The people, without anything to prove they were right, assured me of my superiority. I was worshipped and revered. They put me on the pedestal and raised me as high as they could, the support nothing more than flimsy praises.
Yet as I think of it, each flimsy praise was as bad as every convoluted insult. Those that put time and effort into showing me that I was only human, supporting themselves rotted in the detention centers, while those that flung stupidity that told me of my greatness at me, were free to continue dreaming. Each stupid praise or rebuttal was equally at fault. Now I see that those that were awake, those that presented their ideas with support were awake and actually living. I was unborn in a lie.

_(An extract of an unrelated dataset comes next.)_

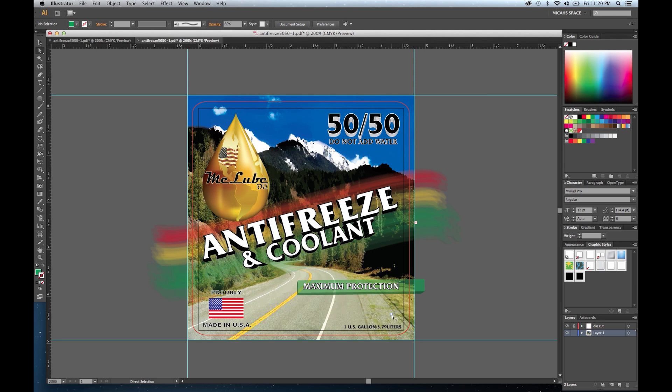Let me go over the differences between raster images and vector images. Raster artwork is any digital art composed of horizontal or vertical rows of pixels. As a result, when raster images are enlarged, the image quality diminishes significantly.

My tremendous ego created from those praises that had no merit deserved as much criticism as the ones that were against me without any support. I just simply did not wish to hear that I was imperfect. I was enjoying the pedestal. I believed that I was every bit as important as I was said to be, ignoring any counter argument no matter how plausible and correct they were.

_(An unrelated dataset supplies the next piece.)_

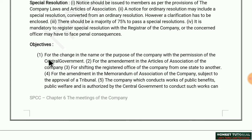What are the objectives of special resolution? First: for the change in the name and purpose of the company with the permission of the Central Government — if a company wants to change its purpose, for example it was manufacturing and now wants to do only trading, then a special resolution must be passed.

Falling to creation was a painful trip yet I do not regret it one bit. The catalyst, the simple message I received from Funaho, my only sons tree-ship after I sent a message asking for Yosho to assume the throne threw me to the floor from my teetering platform. He had replied, "I must decline father. For I am mortal and cannot fill the role of one who is meant to be imperfectly perfect."
The cryptic nature of the response had enraged me until I realized what he meant. My son was not conceited as I was. He was not egotistical as I was. He was not the dreamer that I was… he was more. He embraced an end that he could see and was worth more than I'd ever be because of it. But still I failed to truly see what I was lacking.
Suddenly the realization had hit me that he was awake, and violently, my world had turned upside down. The paper-thin supports of my throne had given way and suddenly I was on the ground, the stairs of pride, arrogance and ego collapsed before me. And I realized that by nature I was imperfect. I realized that I had to accept every opinion, whether it was what I wanted to hear or not. I realized that I was limited. I realized I was flawed. And I smiled truthfully for the first time.
Yet despite this happiness and bliss, I realized the danger of falling asleep again. And yet through my embracing of imperfection I can avoid this. By realizing the truth in what I am, and by accepting my flaws as they are stated, my eyes will remain wide open. I now see the truth, the blurriness fading into a reminder, a lesson, and a guide. Finally, after thousands of years, I am born.
The rat smiled as the branch cracked under the monkey's weight, the foolish animal landing in the rose bush below. The thorns of the throne disappeared as the blossom of life began to bloom.
Disclaimer: Azusa Jurai is the property of AIC and Pioneer. I do not own him.
Author's Notes: There is a meaning behind this introspection. I feel it would detract from the integrity of the fic considering it is a satire if I explained it. If I do receive even one plea for an explanation I'll create one and add it on as another chapter, possibly including some more material beyond an explanation. Thank you for reading and heed the lesson I have tried to convey.